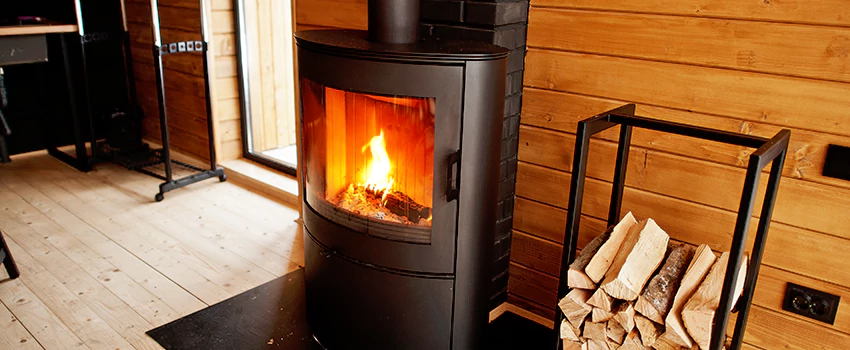 Ethanol Fireplace Burner Repair in Victoria, BC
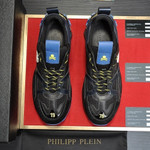 Philipp Plein Shoes For Men #953499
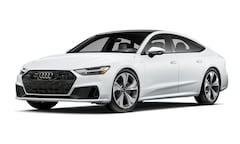 2025 Audi A7 55 Progressiv Sportback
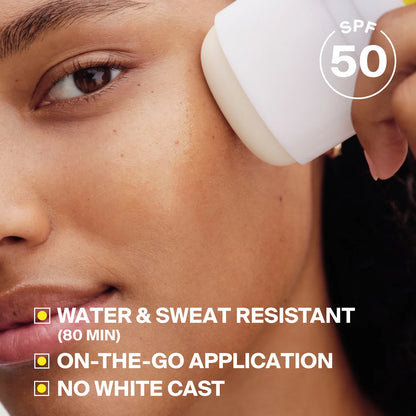 PLAY Date Pool &amp; Sport SPF Kit | $52 Value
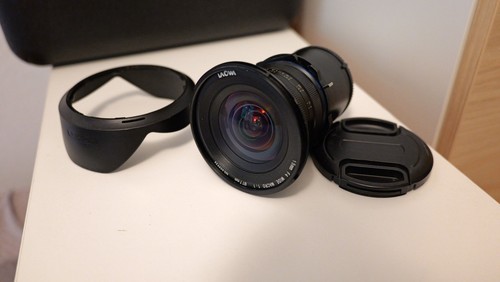 Laowa 15mm wide macro - wide, lens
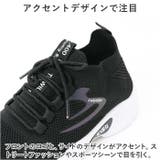 ニーカー レディース pmygym535 | BACKYARD FAMILY | 詳細画像6 
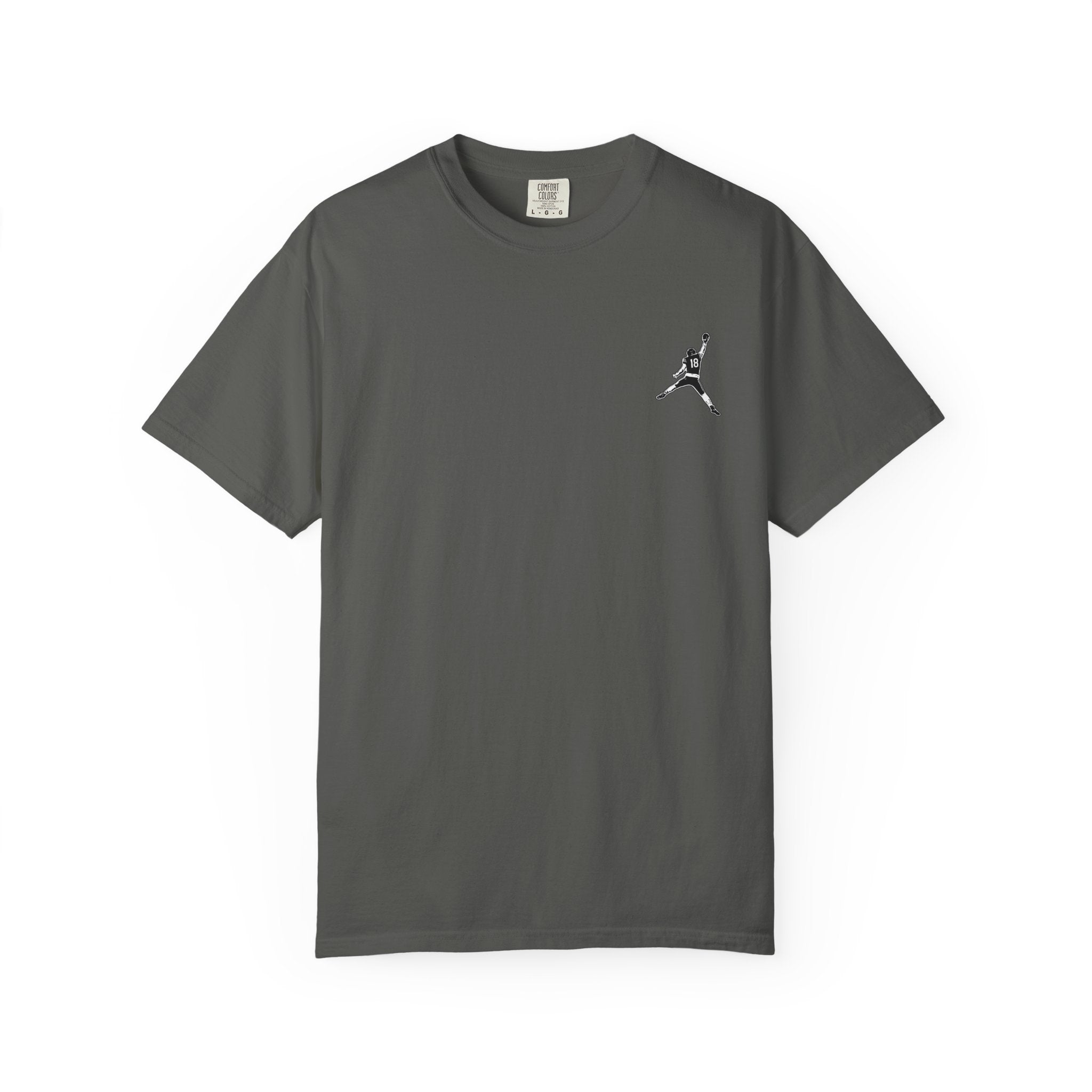Jumpman Iceman Tee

Assignment: In the copy, include exactly the lines from the one containing "2025 Audi A7 55 Progressiv Sportback" through the last line of the records, and no pictures or other text.

Output of the exercise:
 2025 Audi A7 55 Progressiv Sportback
 PLAY Date Pool &amp; Sport SPF Kit | $52 Value
 Laowa 15mm wide macro - wide, lens
 ニーカー レディース pmygym535 | BACKYARD FAMILY | 詳細画像6 
Jumpman Iceman Tee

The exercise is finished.